### Your instructions
Print exactly the lines from the one that contains "Bump’s First Christmas" through the final line of the entries below, both included, and nothing else; omit the pictures.
··· Dataset
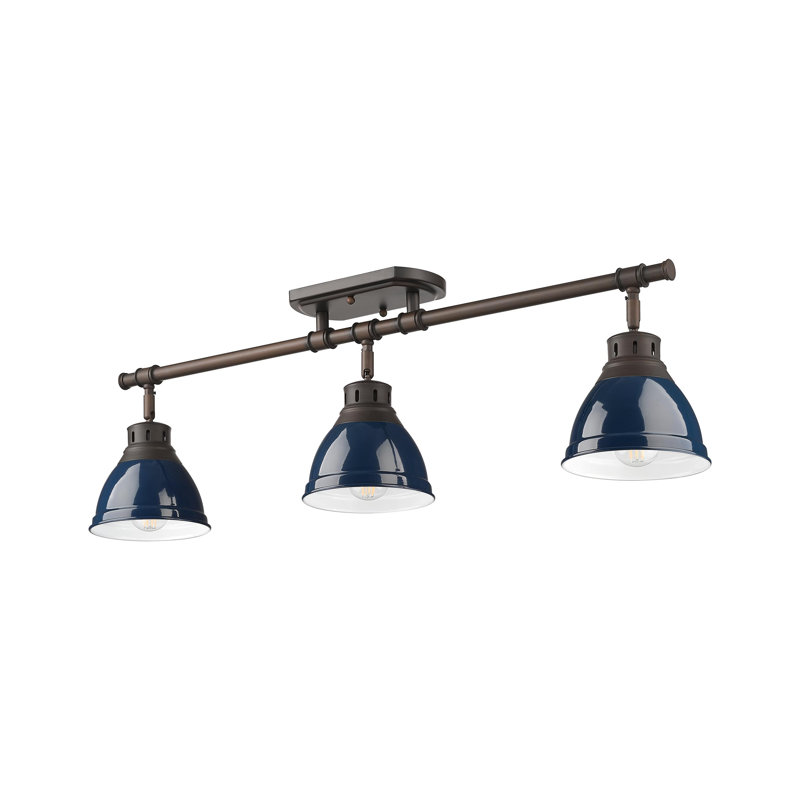 Bryannah 3-Light Semi-Flush - Track Light, Matte Navy, Rubbed Bronze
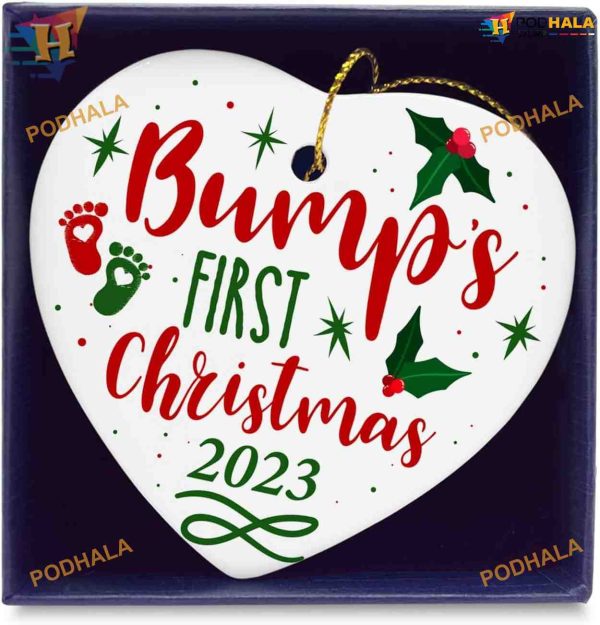 Bump’s First Christmas 2023 Ornament, Pregnancy Announcement Keepsake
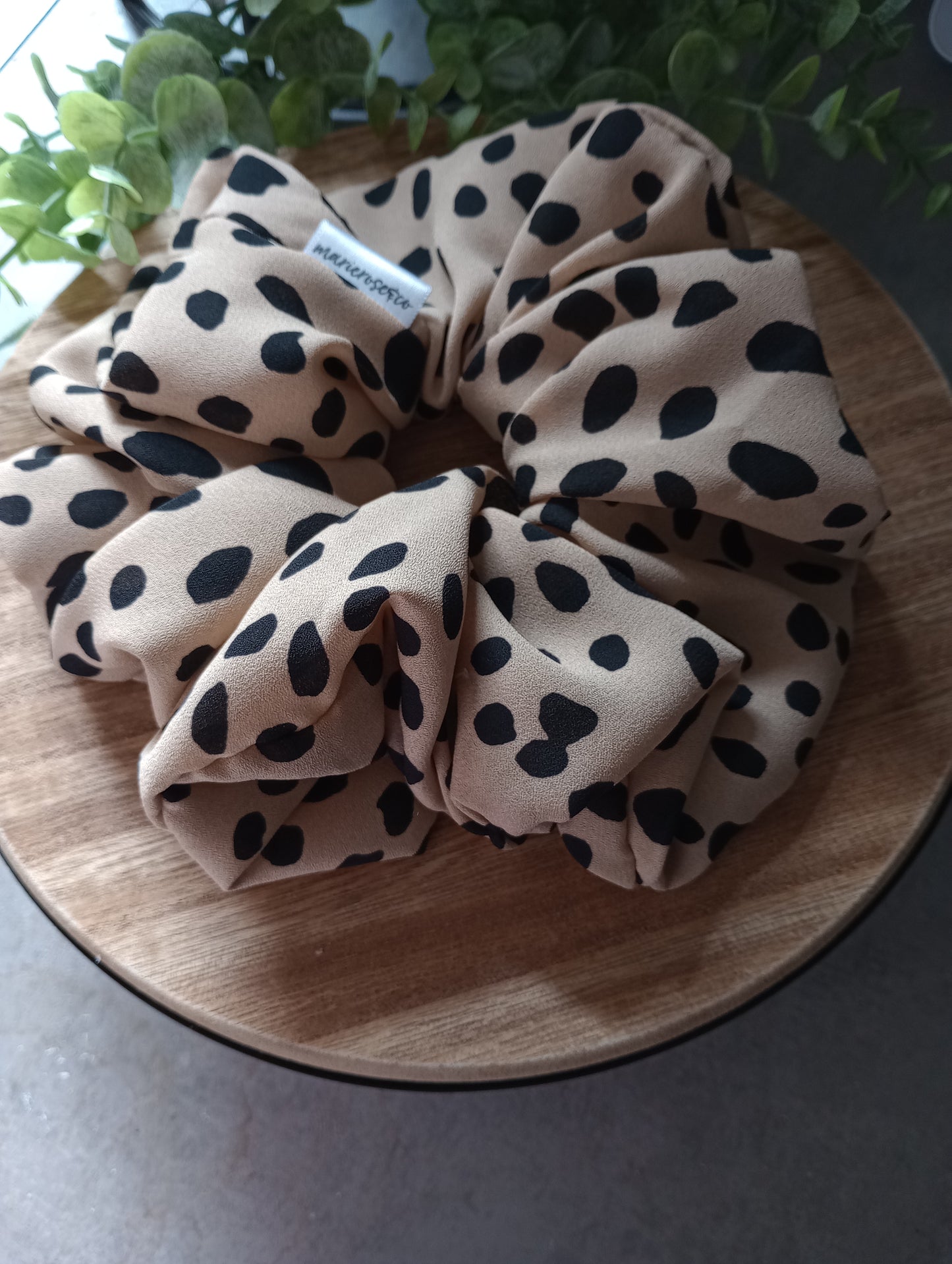 Latte polka dot xl scrunchie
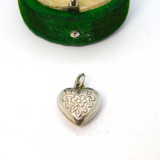 Sterling Silver Floral Puff Heart Charm Pendant Vintage c1970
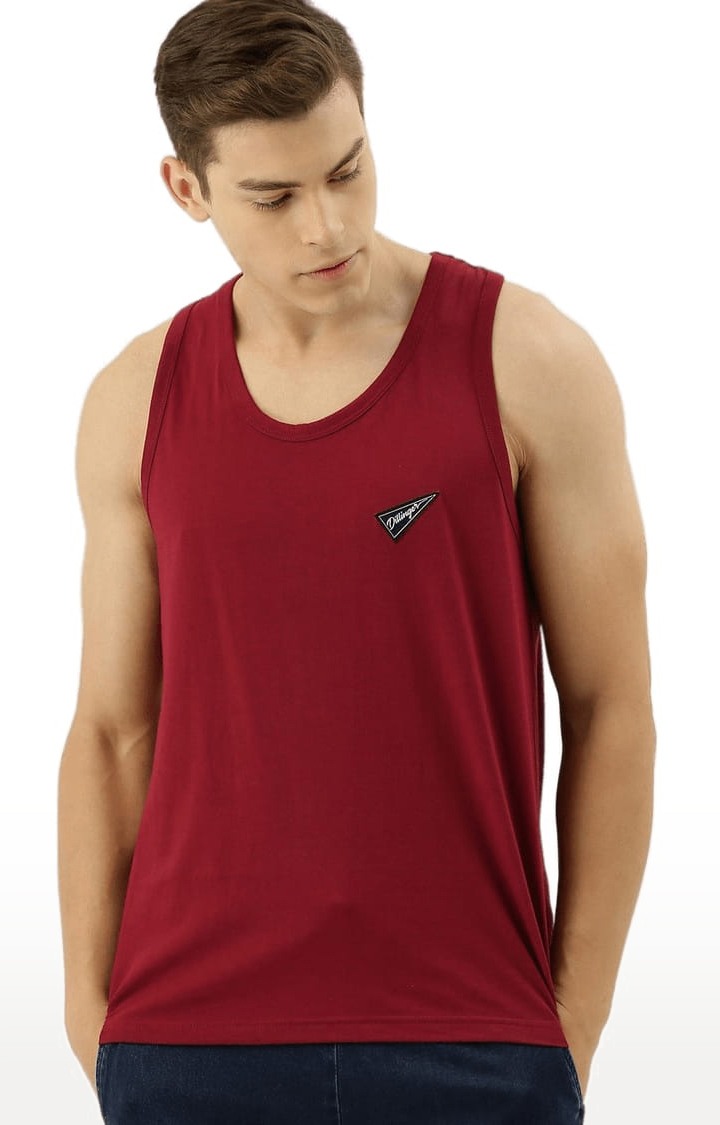 Men's Red Cotton Solid Vest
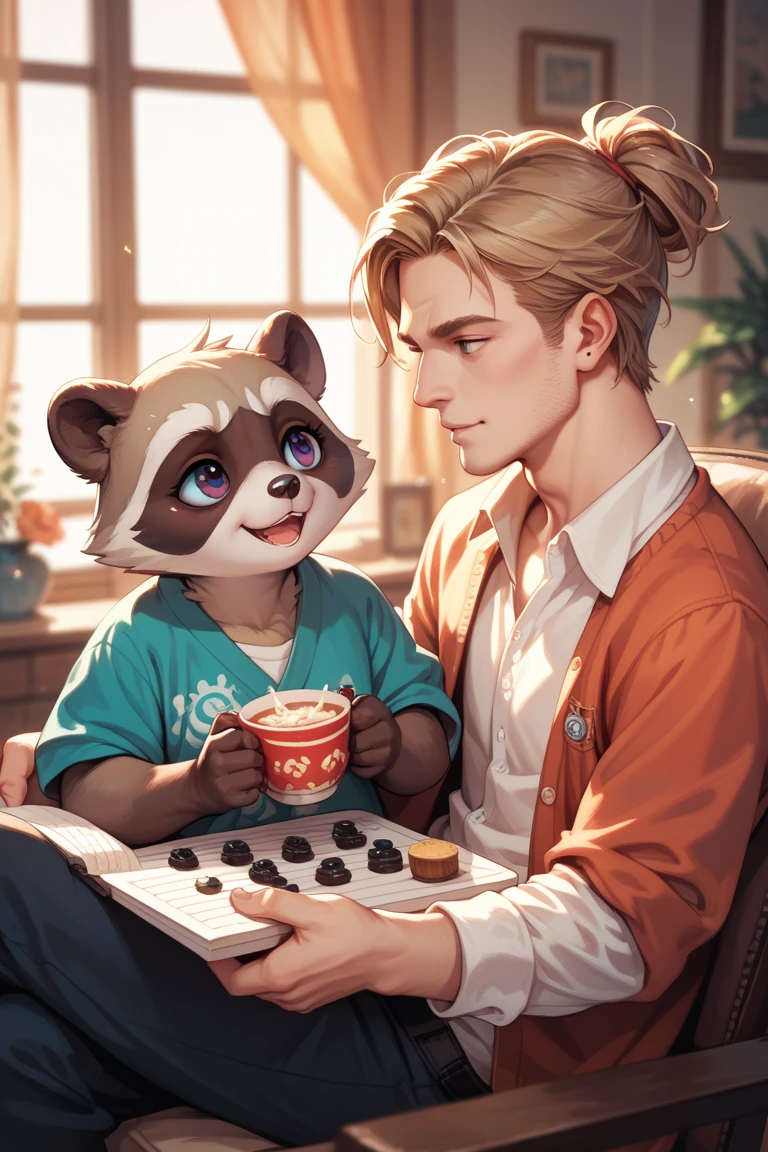 2 characters, a raccoon with female eyes ,  and a panda with male features , best friends, playing, agarrados de la mano best friends,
······
### Exercise solution
 Bump’s First Christmas 2023 Ornament, Pregnancy Announcement Keepsake
 Latte polka dot xl scrunchie
 Sterling Silver Floral Puff Heart Charm Pendant Vintage c1970
 Men's Red Cotton Solid Vest
 2 characters, a raccoon with female eyes ,  and a panda with male features , best friends, playing, agarrados de la mano best friends,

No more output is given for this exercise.